[Brief descriptive captions]
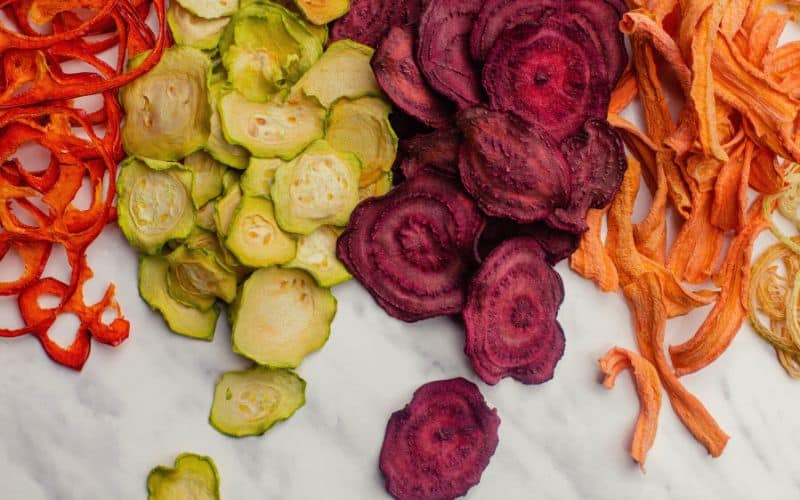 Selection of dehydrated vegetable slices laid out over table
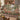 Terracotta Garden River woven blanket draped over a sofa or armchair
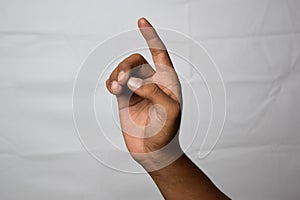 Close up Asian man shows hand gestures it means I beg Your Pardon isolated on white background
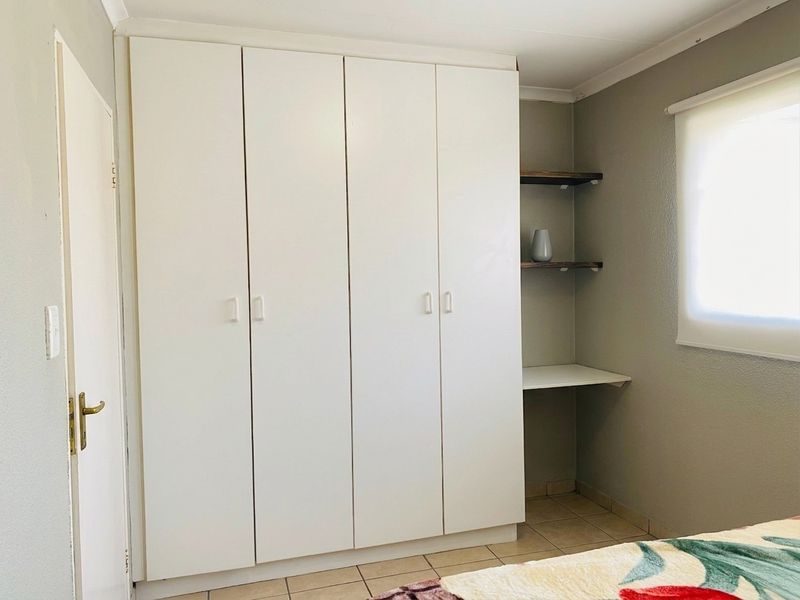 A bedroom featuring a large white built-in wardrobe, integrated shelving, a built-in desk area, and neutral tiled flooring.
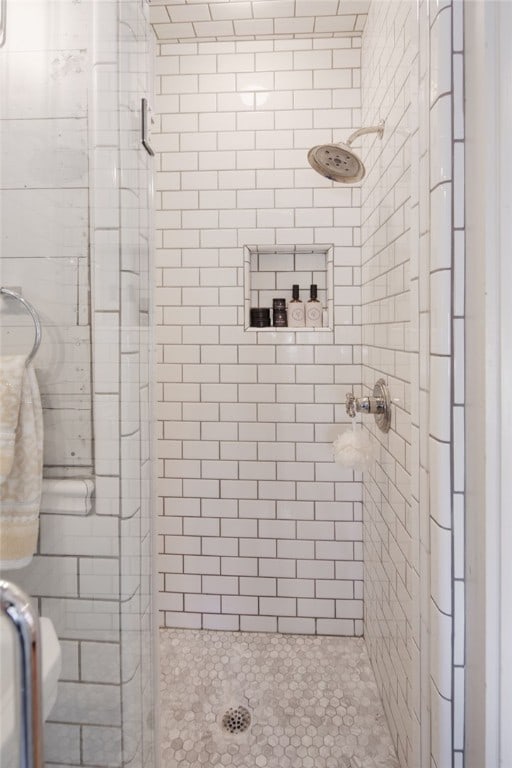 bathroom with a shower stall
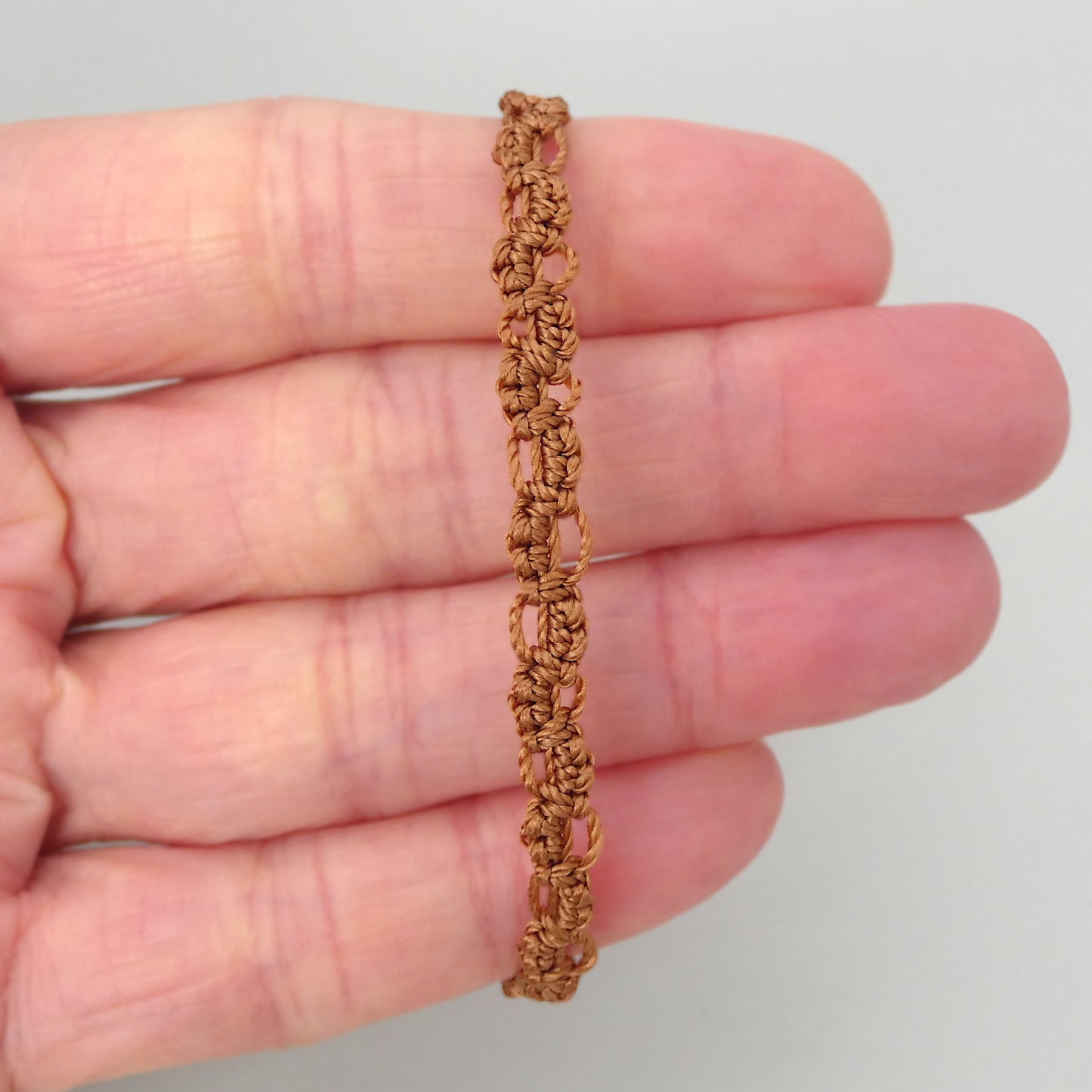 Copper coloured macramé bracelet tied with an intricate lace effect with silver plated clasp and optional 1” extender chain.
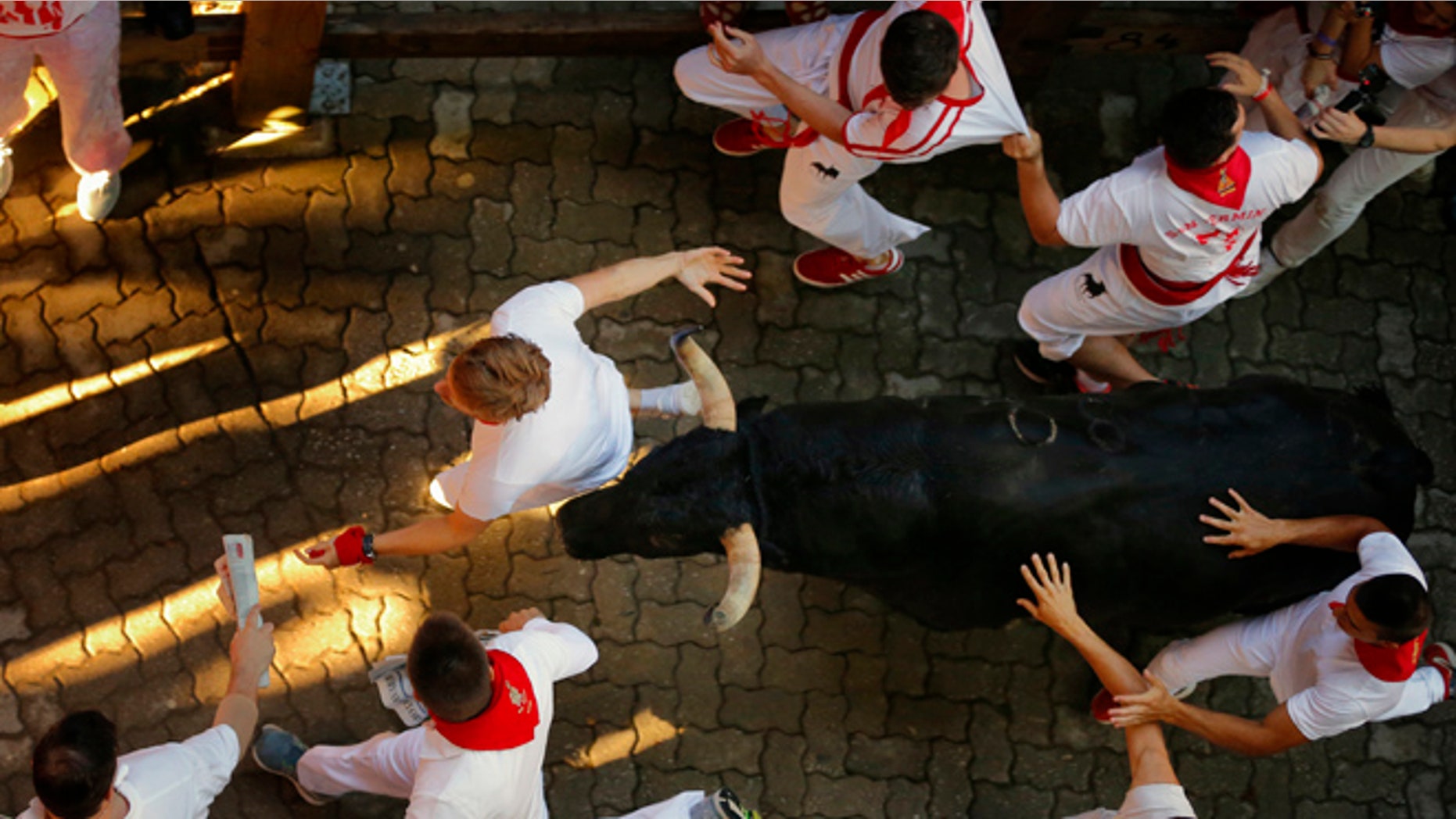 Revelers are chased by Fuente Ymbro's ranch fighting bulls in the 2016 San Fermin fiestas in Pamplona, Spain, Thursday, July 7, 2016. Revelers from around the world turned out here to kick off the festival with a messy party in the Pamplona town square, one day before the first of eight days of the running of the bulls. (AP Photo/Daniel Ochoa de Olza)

§ **WORK TO COMPLETE**
Copy every record above exactly, leaving out any pictures.

§ **REPLY**
 Selection of dehydrated vegetable slices laid out over table
 Terracotta Garden River woven blanket draped over a sofa or armchair
 Close up Asian man shows hand gestures it means I beg Your Pardon isolated on white background
 A bedroom featuring a large white built-in wardrobe, integrated shelving, a built-in desk area, and neutral tiled flooring.
 bathroom with a shower stall
 Copper coloured macramé bracelet tied with an intricate lace effect with silver plated clasp and optional 1” extender chain.
 Revelers are chased by Fuente Ymbro's ranch fighting bulls in the 2016 San Fermin fiestas in Pamplona, Spain, Thursday, July 7, 2016. Revelers from around the world turned out here to kick off the festival with a messy party in the Pamplona town square, one day before the first of eight days of the running of the bulls. (AP Photo/Daniel Ochoa de Olza)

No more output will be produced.